# Periodico cessato



## Cleo07

Ciao a tutti!
mi dareste qualche consiglio su come tradurre queste due espressioni? 

La prima è Periodico cessato


Grazie! 



Mi auto-rispondo per quanto riguarda 'periodico cessato' , se non mi sbaglio la forma corretta dovrebbe essere 'Périodique arrêté' .


----------



## matoupaschat

Ciao Cleo07 e benvenut@ in WRF,



> La prima è Periodico cessato
> se non mi sbaglio la forma corretta dovrebbe essere 'Périodique arrêté'



Ci vorrebbe un po' più di contesto, anche per confermare.


----------



## Cleo07

Ciao matoupaschat!
Grazie mille 

la frase per intero sarebbe la seguente:

_ I 3.500 periodici cessati presenti nel catalogo possono essere richiesti al servizio di distribuzione._


----------



## matoupaschat

Suppongo che si tratti di periodici che pur sempre pubblicati non si trovano più in certe edicole. All'edicola qua vicino, dicono che "la revue n'est pas en service", allora, per far corto, direi "revue/périodique hors service/HS".


----------



## Cleo07

Penso che sia un'ottima soluzione anche questa!
Però il contesto della mia traduzione è bibliotecario e ho trovato alcuni utilizzi di _Périodique arrêté _ad esempio in siti come il seguente:

http://www.jubil.upmc.fr/fr/bibliotheques_medecine/bib_dechaume/collections_dechaume.html

dove a périodiques en cours de réception viene contrapposto  périodiques arrêtés


----------



## Cleo07

Ora che ci penso però la differenza potrebbe essere un'altra.
Potrebbero esserci i periodici cessati perché non più prodotti dalla casa editrice, e i periodici che sono ancora in produzione ma per cui la biblioteca non ha più rinnovato l'abbonamento ...


----------



## matoupaschat

Beh, io vivo in Belgio (l'uso può differire leggermente dalla Francia) e stavo parlando di uso comune.

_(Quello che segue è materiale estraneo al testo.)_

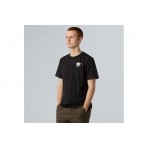 The North Face Cartoon Logo Ανδρικό Κοντομάνικο T-Shirt Μαύρο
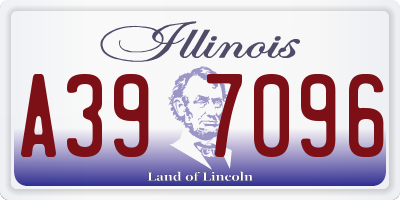 IL license plate A397096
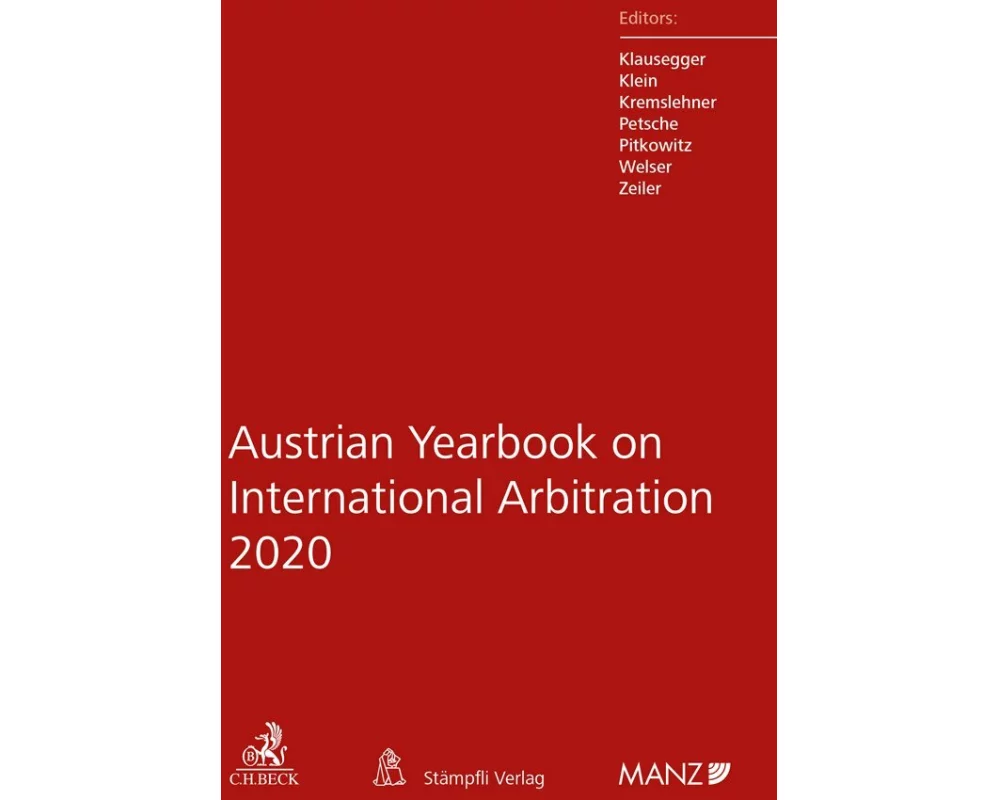 Austrian Yearbook on International Arbitration 2020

Ad ogni modo se lo hai trovato documentato a quel livello, c'è poco da ridire.


> Potrebbero esserci i periodici cessati perché non più prodotti dalla casa editrice, e i periodici che sono ancora in produzione ma per cui la biblioteca non ha più rinnovato l'abbonamento ...


Più verosimile!


----------



## Cleo07

Ok, allora vada per périodiques arrêtés!

merci beaucoup!


----------